Five questions; Happy birthday, Kansas!
Kansas turns 153 on Wednesday, Jan. 29.
This week’s Five Questions looks at the history of Kansas Day and some ways the day is being celebrated.
Q: When did Kansas first start celebrating Kansas Day?
A: Kansas was admitted into the union Jan. 29, 1861. The state started celebrating Kansas Day in 1877.
Q: How did the celebration get started?
A: Kansas Day was born in Paola in 1877 about 20 youngsters were studying U.S. history and decided Kansas’ history also needed to be celebrated.
Q: What are Kansas’ state symbols?
A: The state bird is the western meadowlark, while the state animal is the buffalo. State reptile is the ornate box turtle and state amphibian is the barred tiger salamander. State flower is the sunflower and state tree is the cottonwood. There’s even a state soil: the Harney series. Tonganoxie Elementary School pushed for the bluegill to become the state fish a few years ago, but legislators passed on making it the official fish.
Q: Are there any activities planned for Kansas Day?
A: The Shawnee Indian Mission, will have a Kansas Day celebration from 1-3 p.m. Saturday at the site, 3403 W. 53rd St., Fairway. The Kaw Mission will have a celebration 1:30-3 p.m.
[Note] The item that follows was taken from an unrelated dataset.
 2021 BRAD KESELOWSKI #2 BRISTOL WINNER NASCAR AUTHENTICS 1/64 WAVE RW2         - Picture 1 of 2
Saturday at the site, 500 N. Mission Road, Council Grove.
The Kansas Museum of History will have festivities from 9 a.m.-3 p.m. next Wednesday at the museum, 6425 SW Sixth Ave. The statehouse will celebrate from 9 a.m.-5 p.m., as will the Pawnee Indian Museum near Republic.
Q: Where can I go to find out more about Kansas Day and the Sunflower State in general?
A: The Kansas Historical Society’s website is kshs.org.